El hecho de que no seamos los únicos animales con una laringe descendida permanentemente, cuestiona la importancia de la posición de este órgano para el habla. Por mucho que nos impresionen los rugidos de los leones, son vocalizaciones simples que nada tienen que ver con la complejidad de los sonidos articulados. Tras todos estos nuevos descubrimientos, era preciso encontrar una nueva función para la laringe descendida, así que surgió la hipótesis de la exageración del tamaño.
Cuanto más largo y grande es el tracto vocal de los animales, más baja es la frecuencia del sonido que produce. Por lo tanto, existe una relación entre el tamaño de un animal y el tono de su voz. Para aquellos animales nocturnos o que viven en bosques cerrados, aparentar un mayor tamaño con la voz puede tener ventajas, como ahuyentar a la competencia.
El descenso de la laringe elonga el tracto vocal dando como resultado voces más graves, no hay más que observar a nuestra propia especie para comprobarlo. Con la pubertad, los hombres experimentan una serie de cambios en el cuerpo que les hacen aparentar mayor tamaño. Los hombros se les ensanchan, la barba les crece y la laringe sufre un segundo descenso. Fitch propone que “la laringe descendió originalmente en los homínidos con el fin de exagerar el tamaño, y ese descenso sirvió como una preadaptación para el habla que ocurrió más tarde”. Esto tiene implicaciones importantes. Al contrario de lo que se pensaba antes, pudo haber homínidos con laringes descendidas que no hablaran.

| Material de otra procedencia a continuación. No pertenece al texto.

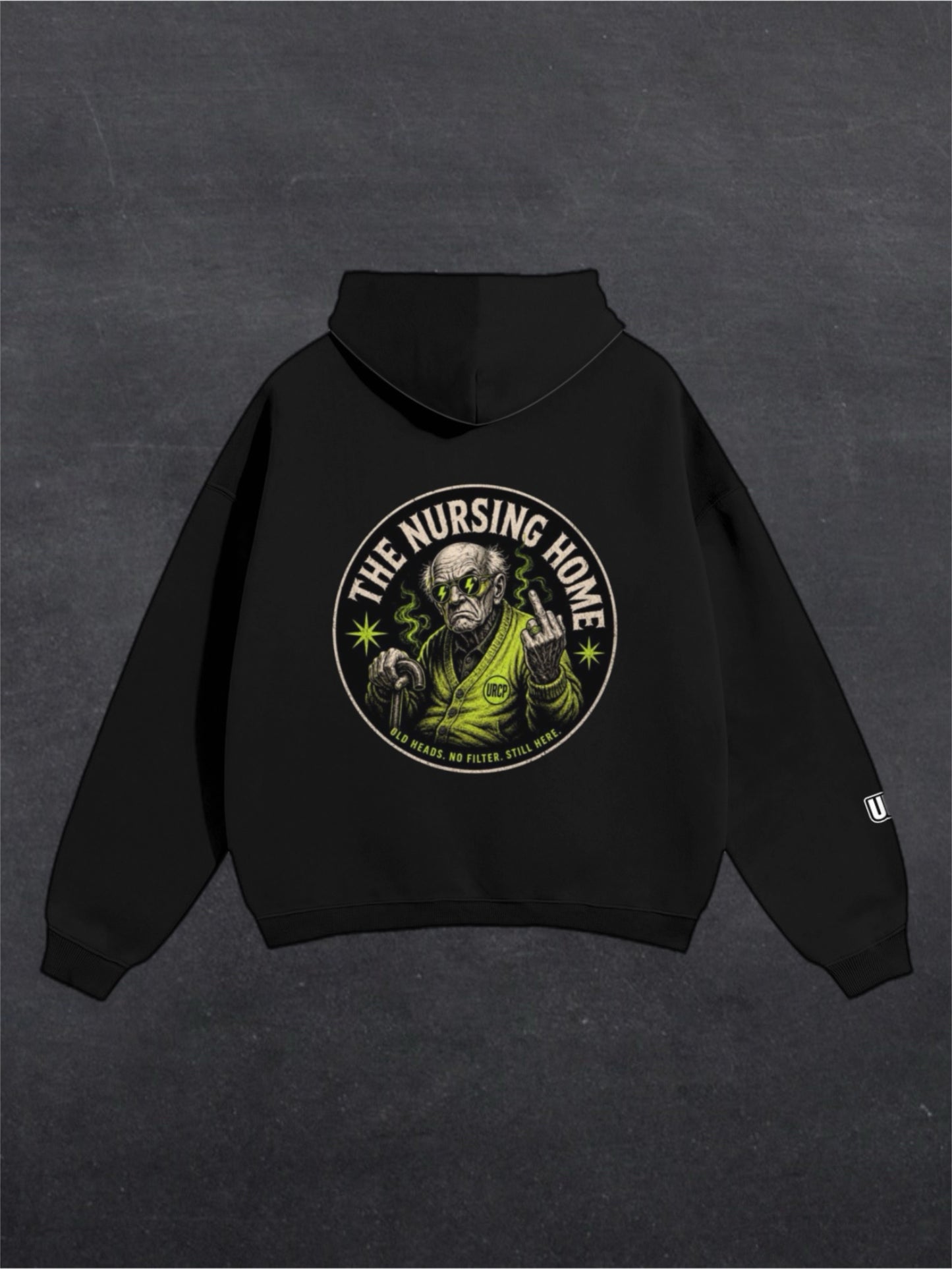 NURSING HOME UNISEX HOODIE - BACK PRINT (black)
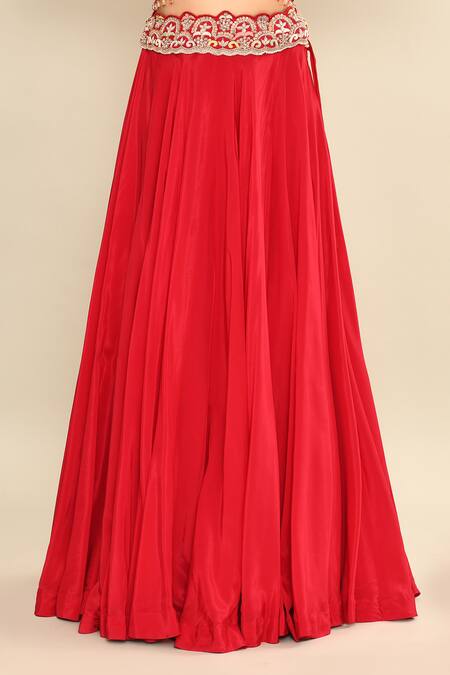 Kalighata_Red Silk Embroidery, Sequins, Tassels Asymmetric Floral Lehenga Set With Cape _Online_at_Aza_Fashions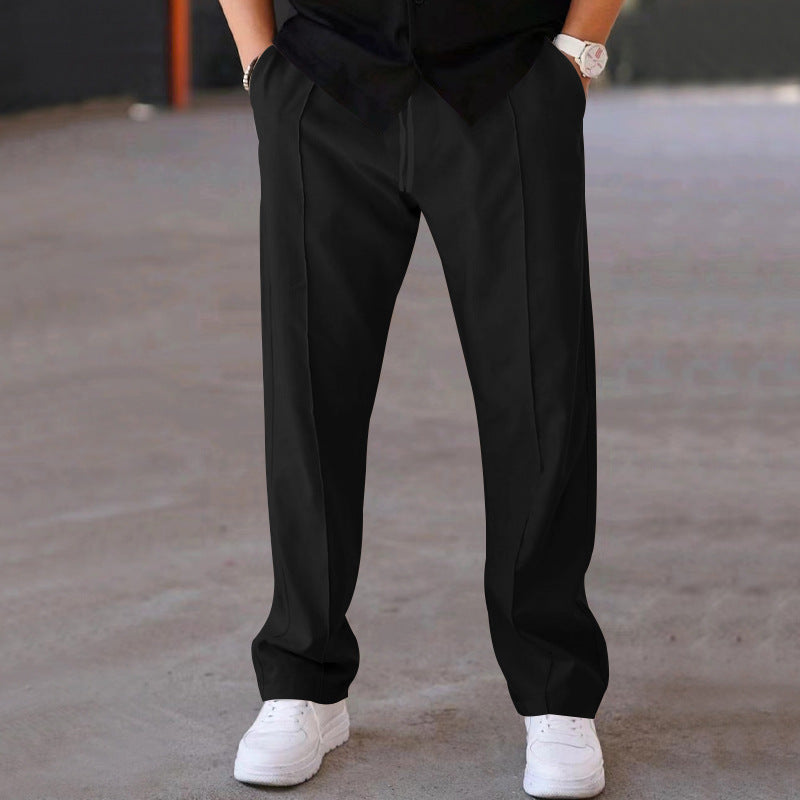 Herren elegante Freizeithose mit geradem Schnitt und klassischen Falten Drune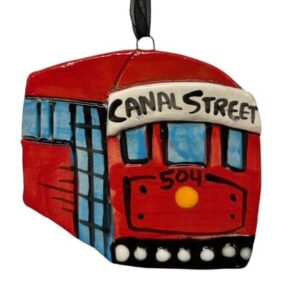 Canal Street Streetcar ceramic ornament by Katie Baldwin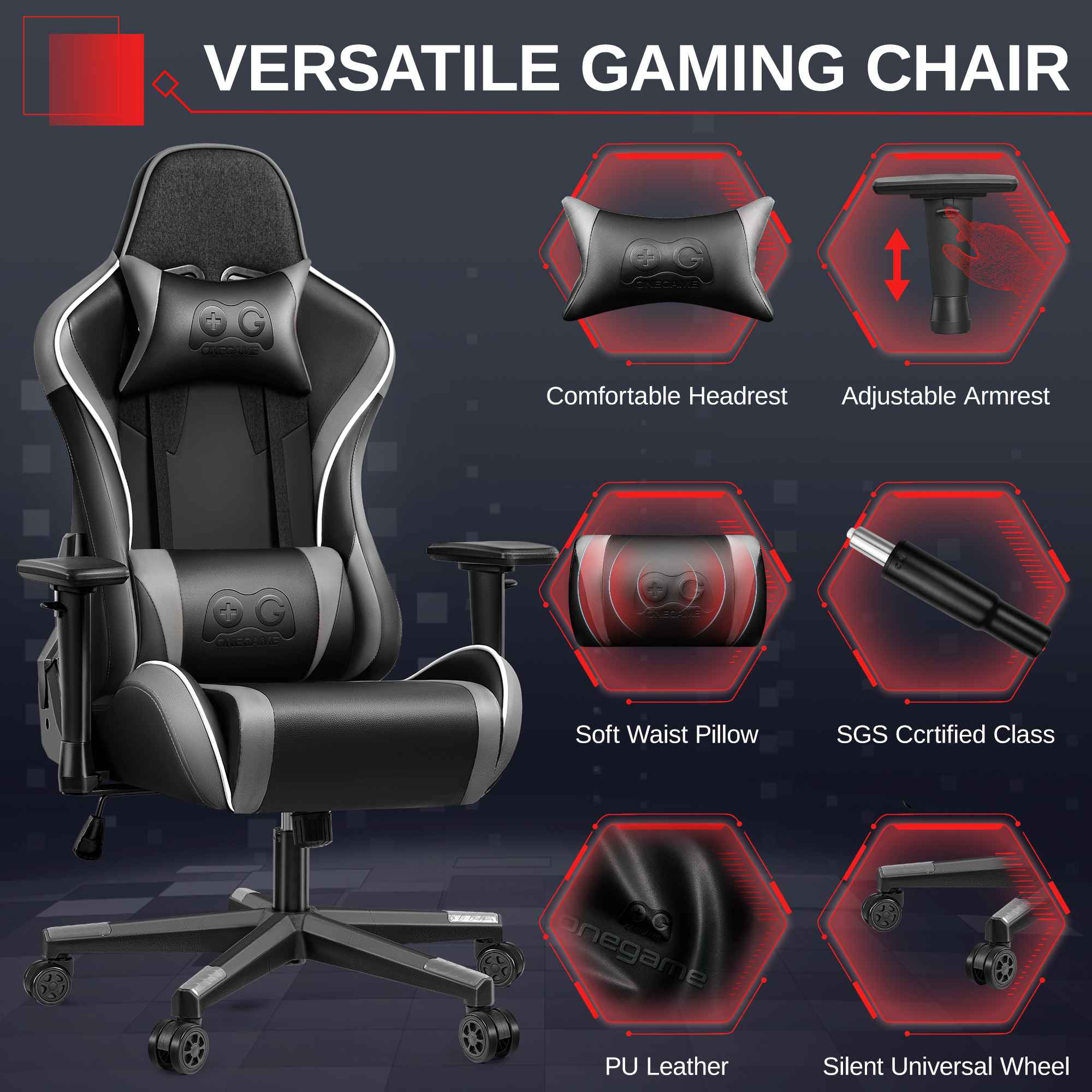 Schwarzer Gaming-Stuhl mit Kopfstütze, Lendenkissen, verstellbaren Armlehnen und Rädern.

Por fin, ya comprendemos que, desde el punto de vista anatómico, los monos están preparados para hablar. El motivo por el que no lo hacen es meramente neuronal. En especial, los humanos controlamos mucho mejor la laringe, y esto no tiene que ver con su posición, sino con las conexiones neuronales que la conectan al cerebro. Los loros ni siquiera tienen laringe, pero controlan de maravilla su órgano fonador, lo que les permite ser capaces de articular palabras y frases de una manera entendible.
Esta historia es un claro ejemplo de la importancia del estudio comparado, de cómo investigar otras especies nos puede ayudar a entenderlas mejor a ellas y a nosotros mismos. También nos muestra que, una vez más, Darwin tenía razón.